Entries from August 2012 ↓

Clint Am Us (or US)

I didn’t witness Clint Eastwood’s ride into Samuel Beckett territory last night as I had tickets to see the Best Team in Baseball play the Defending World Series Champions. I heard about it, though, the minute I came home from Nationals Park and patched into the digital hive-mind. And the chatter continues well past dawn (Oh the humanity!): The bitter laughter, the gnashing of teeth, the told-you-so smugness from the Clint haters juxtaposed with the exasperated Clint acolytes who have for decades defended his work despite his politics and whose reactions to last night’s monologue-with-empty-chair range from bemusement to avowals that they’ll never watch his Blu-Rays again.

As Marie Windsor, that great Mormon character actress, once muttered to a randy Jeff Bridges in Hearts of the West, “Lie down and cool off!” Those taken aback by Eastwood’s woozy-looking appearance should have taken the time yesterday afternoon to consult Christopher Orr’s astute preview charting the peripatetic course of Eastwood’s politics. (Note: I said “politics”, not “ideology.” We’ll discuss the distinction further along.) As Orr recounts, Eastwood has always been the Republican equivalent of a “yellow-dog Democrat”, i.e. someone who’d vote for a Democrat even if it were a yellow dog. Indeed, Clint’s been truer to the GOP than many a so-called Reagan Democrat insisting on being the “true” voice of the legacies of FDR, Truman, JFK and so on.

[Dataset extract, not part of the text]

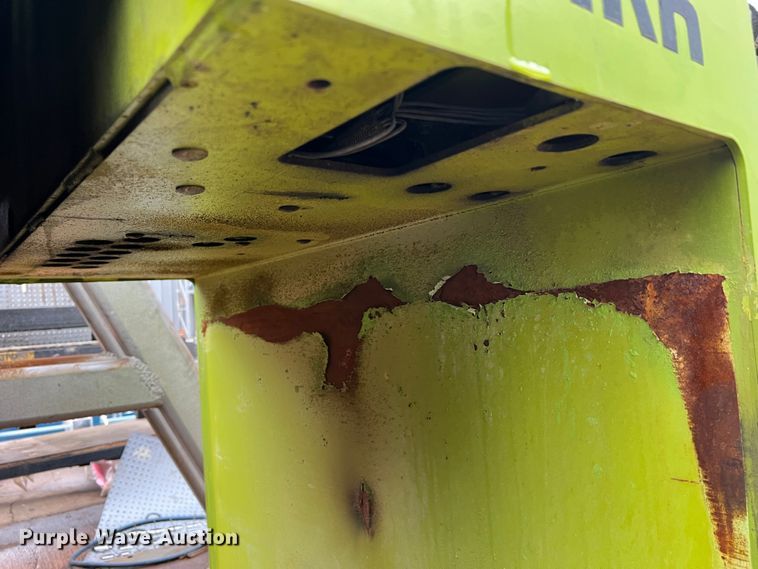 image for item LI9551 Clark NPR22  forklift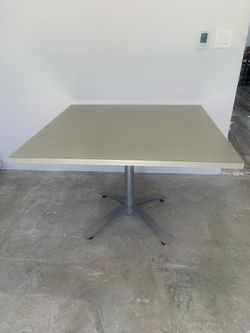 42” x 42” Table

Still, for a lifelong Republican, Eastwood’s made some funny noises over time; the most recent of them coming in a Super Bowl commercial for Chrysler this past February with his “Halftime for America” narration that was so reminiscent of a Joe Biden pep rally that Karl Rove called him out for it. (All Eastwood had to do, apparently, was squint back at Rove to make Ol’ Turd-Blossom say nothing more about the matter.) He cops to being fiscally conservative, but is also pro-choice, pro-gay-marriage and, as his movies, musical tastes and inter-personal relationships prove, sympathetic to multi-cultural concerns.

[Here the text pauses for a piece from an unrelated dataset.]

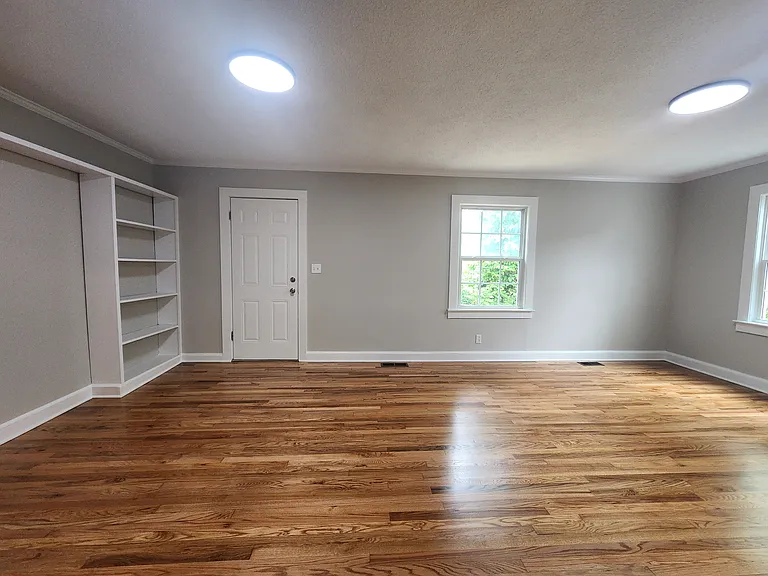1067 Crescent Dr — Photo 5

In short, he’s a lot of things at once and no one thing in particular. When you smile and say, “Hello”, to Mr. Eastwood, you are greeting the American electorate itself whose politics are considered a personal, even an intimate matter because they come not from the brain, or the heart, but from the glands.

The extremist-libertarian Republicans who seek to squeeze Eastwood and, for that matter, the voters into their ideological camp are in for profound disappointment, no matter what transpired last night or will happen over the next couple months. This is because – and let’s read along slowly because some of you have trouble accepting this – America is not now and never has been an ideological country. Let me summarize:
Americans?
Ideological?
Antithetical!
No way!
Aint Happ’nin!
What do you want on your pizza?

 

Those liberal Lefties in whose consequentiality Newt Gingrich continues to invest a near-poignant belief stumbled into the aforementioned conclusion decades ago, but have yet to figure out what to do about it. Paul Ryan and company will assuredly discover the same thing. The only question being how much damage to Truth and Justice will be done by then.

As confirmation for the glandular state of political life, or at least, the perception of political life, one need look no further than Veep, the HBO sitcom starring Julia Louis-Dreyfus as a self-aggrandizing, self-sabotaging VPOTUS. As with many critics of the series, I had misgivings early on about the show’s sly avoidance of fixing  Dreyfus’s Selena Meyer in any political party or (of course) ideology. Her pet causes – filibuster reform, the environment – are non-controversial and vaguely ecumenical enough not to distract from the office slapstick that’s the show’s principal attribute.

After several episodes (which I watched in repeats this past week mostly as refuge from Tampa’s muggy rhetoric), even these “issues” become less relevant than Selena’s slow-burning sense of personal affront at every staff blunder, mismanaged transaction and embarrassing gaffe. It’s not about oil or filibusters, dammit, it’s about me! How much more perfect the country would be if everybody was like me! No, not like me! Me! The late Gore Vidal, in his serene vanity, could relate to Selena’s frustration. And so, for that matter, could his old antagonist, William F. Buckley Jr. More to the point, so could most American voters for whom “issues” matter less than whatever it is matters to their own immediate needs.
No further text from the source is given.